When M/s. CRI Limited came to NPCS, they weren't short on ambition — they were short on answers. The Kolkata-based business group wanted to diversify into manufacturing, but they needed more than just a promising idea. They needed data, a realistic cost picture, and a project report solid enough to walk into a bank with.
After screening more than ten manufacturing sectors against CRI's specific investment criteria — moderate capital, early payback, local resource availability, and alignment with sustainable consumer trends — NPCS recommended wooden pencil manufacturing. It wasn't an obvious choice, but the research made a compelling case.
India's pencil market was valued at close to US$ 600 million in 2025, growing steadily on the back of rising school enrolment, government literacy programmes, and a genuine consumer shift toward eco-friendly stationery. The timing was right, the raw material supply was accessible, and the economics worked.

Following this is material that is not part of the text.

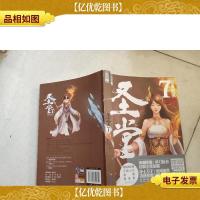 圣堂7:铁血燃城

NPCS then built the entire project foundation for CRI. That meant mapping the full manufacturing process — from wood slat procurement and kiln-drying through to lead insertion, lacquering, and final quality inspection — and translating that into a plant layout, machinery shortlist, and operational blueprint the client could actually use.
On the financial side, the numbers came out well. Total project cost was estimated at around ₹15.72 lakh, with a Debt Service Coverage Ratio of 2.59 and a break-even point below 1.0. Payback was projected at two to three years, assuming institutional supply contracts — a realistic assumption given the demand channels NPCS identified. The team also mapped out applicable MSME financing schemes, including PMEGP and CGTMSE, giving CRI a practical path to funding.
Regulatory clarity was built into the deliverable too. CRI received a step-by-step approval roadmap covering factory registration, Pollution Control Board clearance, BIS certification under IS 13729, and state-level MSME incentive applications — the kind of detail that typically takes months to figure out independently.
By the time NPCS handed over the final report, CRI had everything needed to move forward: a market thesis backed by data, a technical blueprint ready for procurement, a financial model ready for lenders, and a regulatory checklist ready for execution. The company initiated implementation shortly after — machinery procurement, site finalisation, permit applications, and key hires all underway.
It's the kind of outcome that only comes when research and execution planning are done properly from the start.